India shares most US goals, but they are complicated by America’s Israel mission which, too would be okay, exc­ept that the US wants regime change in  Iran, a dreadful prospect knowing what happened when it obtained one in Iraq. Iran is the most proximate major source of oil for India and has an anchor role in India’s Central Asian and European connectivity plans through its ports of Chabahar and Bandar Abbas.
The India-US agenda is larger than the Middle East, as Juster outlined. But the region looms much larger for us than for the US. Our differing goals are not ­unbridgeable, but if we are indeed to evolve a durable strategic partnership in the 21st century, we need to, at least, begin a conversation about this region. But all Juster did was to dust-off an old idea of posting Indian liaison officers to US combatant commands, here, the CentCom. Given the differing ways our militaries relate to government, this was a non-starter and remains one.

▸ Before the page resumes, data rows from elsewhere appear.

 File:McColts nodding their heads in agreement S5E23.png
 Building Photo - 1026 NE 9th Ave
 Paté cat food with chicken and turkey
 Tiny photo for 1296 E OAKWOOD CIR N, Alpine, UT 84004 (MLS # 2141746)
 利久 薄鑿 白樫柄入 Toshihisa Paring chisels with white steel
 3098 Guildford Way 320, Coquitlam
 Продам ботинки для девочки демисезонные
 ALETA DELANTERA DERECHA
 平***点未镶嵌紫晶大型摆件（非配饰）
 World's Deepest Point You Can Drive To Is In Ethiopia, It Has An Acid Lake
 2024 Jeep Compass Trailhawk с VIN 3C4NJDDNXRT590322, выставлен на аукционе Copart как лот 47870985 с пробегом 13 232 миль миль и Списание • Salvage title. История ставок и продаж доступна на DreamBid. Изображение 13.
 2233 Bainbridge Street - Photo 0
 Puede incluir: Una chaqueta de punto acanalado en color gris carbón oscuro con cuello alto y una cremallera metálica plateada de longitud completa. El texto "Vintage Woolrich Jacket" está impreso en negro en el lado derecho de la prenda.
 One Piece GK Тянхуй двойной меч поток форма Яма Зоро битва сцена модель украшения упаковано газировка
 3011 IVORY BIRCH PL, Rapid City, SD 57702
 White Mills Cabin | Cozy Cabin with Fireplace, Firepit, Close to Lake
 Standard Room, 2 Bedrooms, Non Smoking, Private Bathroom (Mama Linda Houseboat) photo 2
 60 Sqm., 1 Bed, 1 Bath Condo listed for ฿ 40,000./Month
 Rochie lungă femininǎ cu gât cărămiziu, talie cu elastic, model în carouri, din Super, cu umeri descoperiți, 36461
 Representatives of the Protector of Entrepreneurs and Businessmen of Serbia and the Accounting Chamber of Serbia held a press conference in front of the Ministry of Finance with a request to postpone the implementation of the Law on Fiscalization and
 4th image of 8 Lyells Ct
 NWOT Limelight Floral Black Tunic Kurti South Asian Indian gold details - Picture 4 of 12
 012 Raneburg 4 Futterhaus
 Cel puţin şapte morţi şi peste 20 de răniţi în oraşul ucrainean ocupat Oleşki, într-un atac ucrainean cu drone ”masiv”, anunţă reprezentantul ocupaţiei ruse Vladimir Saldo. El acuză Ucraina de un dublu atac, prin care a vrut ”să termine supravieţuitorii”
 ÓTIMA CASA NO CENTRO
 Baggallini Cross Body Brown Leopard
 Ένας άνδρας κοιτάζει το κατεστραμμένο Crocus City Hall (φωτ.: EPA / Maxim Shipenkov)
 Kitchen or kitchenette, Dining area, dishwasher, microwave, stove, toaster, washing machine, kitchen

Juster detailed India-US cooperation in defence through joint exercises, defence trade and military exchanges. India is a Major Defence Partner of the US, which provides us access to technologies at a level equivalent of its closest allies and partners. Like all countries, the US would rather sell finished products than provide technology, no matter what it says. Like all countries, the US will not part with its technology crown jewels for anyone, even its closest allies. Incidentally, according to Reuters, President Trump is getting set to announce a new policy to further boost the sales of US military equipment around the world, using American embassies to “become a sales force for defence contractors”.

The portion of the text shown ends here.